Chantal Akerman nasce in una famiglia di ebrei polacchi emigrati in Belgio; i nonni materni e sua madre furono deportati ad Auschwitz, e solo la madre riuscì a sopravvivere.
Dal 1967 frequentò l’INSAS, la Scuola dell’Arte e dello Spettacolo belga, e in seguito si recò a Parigi per frequentare l’Università Internazionale del Teatro; presto però abbandonò questi studi per dedicarsi al suo primo cortometraggio, Saute ma ville (1968), che riuscì a produrre grazie ai lavori saltuari come cameriera. Questa opera prima ottenne un’attenzione particolare dalla critica cinematografica e dal regista belga André Delvaux. Dal 1971 al 1973 si trasferì a New York dove ebbe la possibilità di conoscere le opere di Stan Brakhage, Jonas Mekas e Michael Snow e di lavorare a due cortometraggi. Fece poi ritorno a Parigi, che divenne la sua città. Si racconta che la scelta di diventare regista avvenne a 15 anni, dopo aver visto il film Pierrot le fou (Il bandito delle ore undici, 1965) di Jean-Luc Godard:
«Prima scrivevo un po’, come scrivono gli adolescenti, diciamo. Credo che quando si è adolescenti si scriva per sbrogliare un poco tutti i fili che ci sono intorno, perché è il momento in cui si comincia a pensare di essere messi davanti a cose di cui si è già preso coscienza, come essere violenti o meno… Poi ho visto Pierrot le fou e ho avuto l’impressione che parlasse della nostra epoca, di ciò che sentivo. Prima, si trattava sempre de The Guns of Navarone (I cannoni di Navarone, J.Lee Thompson, 1961), e io me ne fregavo di quel genere di cose. Non so, ma era la prima volta che mi emozionavo al cinema, insomma… violentemente; e probabilmente ho voluto fare la stessa cosa con dei film miei. […] Ho cercato di vedere altri film e di ritrovare la stessa cosa, ma non è mai più accaduto. In fondo Pierrot le fou ha avuto per me un ruolo dominante nella mia formazione cinematografica, nel senso che non ho potuto fare nient’altro a causa sua. Mi ha impedito di vedere gli altri film perché cercavo sempre qualcosa che avevo già incontrato una volta. Le cose non si ripetono così. Mi ci è voluto tempo per iniziare ad amare altri film»[1].

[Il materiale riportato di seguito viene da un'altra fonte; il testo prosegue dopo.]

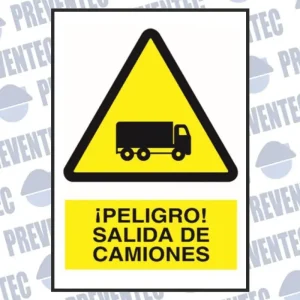 Señal advertencia peligro : ¡ Peligro ! Salida de camiones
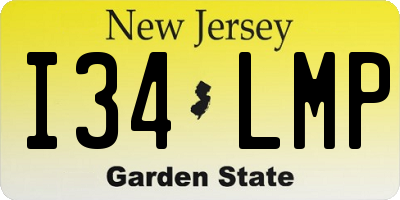 NJ license plate I34LMP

Ma Ackermann inizia un proprio prolifico percorso sperimentale, e solido sin dagli esordi (cfr. La chambre, 1972).
Regista, sceneggiatrice, attrice, produttrice e artista è considerata una dei più importanti registi europei della sua generazione. La Akerman ha realizzato più di quaranta opere – dai 35mm ai saggi video documentari sperimentali passando per le video installazioni. Fu il suo secondo lungometraggio, Jeanne Dielman, 23 Quai du Commerce, 1080 Bruxelles (1975)[2], che la fece conoscere e le diede la celebrità come regista anche fuori dall’Europa. Il film racconta in 225 minuti, con una grande minuzia descrittiva, tre giorni della vita, disperata e ripetitiva, di una casalinga super-efficiente, Jeanne (interpretata dalla bravissima Delphine Seyrig), che vive con il figlio e si prostituisce occasionalmente, ricevendo gli uomini in casa. Nel 1976 il quotidiano francese «Le Monde» e il quotidiano statunitense «New York Times» classificarono Jeanne Dielman come “il più grande capolavoro femminile della storia del cinema”.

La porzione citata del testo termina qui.